Lo stop della Santa Sede arriva all'indomani della decisione della procuratrice generale del Venezuela, Luisa Ortega Diaz, che ha aperto una inchiesta per presunti brogli durante il voto per l'elezione della Costituente e ha chiesto che l'insediamento dell'Assemblea venga bloccato. Ma malgrado gli appelli che ormai da giorni arrivano da governi, leader politici e istituzioni, il governo va avanti e i 545 rappresentanti della Costituente, organismo con potere quasi illimitato, hanno fatto il loro esordio nel salone ellittico del Parlamento, a pochi metri dall'emiciclo nel quale siedono i deputati, in maggioranza oppositori di Maduro, e inizieranno a redigere la nuova Carta. E questo malgrado l'inchiesta aperta dalla procura per sospetti brogli alle elezioni
Tensione altissima nelle strade
La tensione nel Paese è altissima e a giudicare dai segnali della vigilia non è escluso che le strade della capitale siano di nuovo segnate da violenze e scontri tra le due fazioni: oppositori e filogovernativi si sono già dati appuntamento simbolico all'esterno del Parlamento. Maduro chiede di non "cadere nelle provocazioni" e aggiunge che l'inizio dei lavori della Costituente favorirà "la riconciliazione e la pace", invitando le forze dell'ordine ad astenersi dall'uso "sproporzionato e eccessivo" della forza. Come segno di distensione le autorità venezuelane hanno rilasciato il sindaco di Caracas, Antonio Ledezma, uno dei principali oppositori al governo di Maduro, concedendogli il ritorno agli arresti domiciliari.

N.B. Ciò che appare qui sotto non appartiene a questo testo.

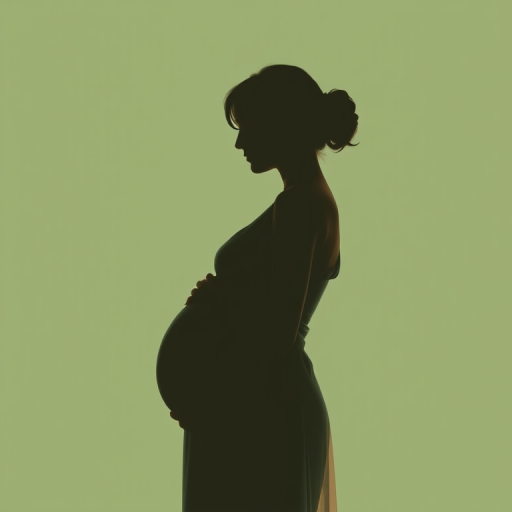 Generate a digital illustration of a silhouette of a pregnant woman in profile, wearing a light dress, against a muted green background, using a soft focus effect, 50mm lens, f/1.8 aperture, and natural light for enhanced depth and detail.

Resta invece in carcere l'altro leader dell'opposizione, Leopoldo Lopez, leader del movimento Voluntad Popular, che si trovava nella sua casa di caracas agli arresti domiciliari e che nella notte del 1 agosto è stato prelevato dalle forze di sicureza e arrestato. Agli arresti, secondo dati forniti dalle opposizioni, ci sono almeno 600 persone. Oggi è attesa inoltre la decisione dei paesi del Mercosur che dovranno stabilire se applicare al Venezuela la cosiddetta 'clausola democratica' e dunque se applicare sanzioni a Caracas per aver violato i principi democratici. Argentina, Brasile e Paraguay sono orientate ad applicare le sanzioni, l'Uruguay non ha ancora sciolto la riserva.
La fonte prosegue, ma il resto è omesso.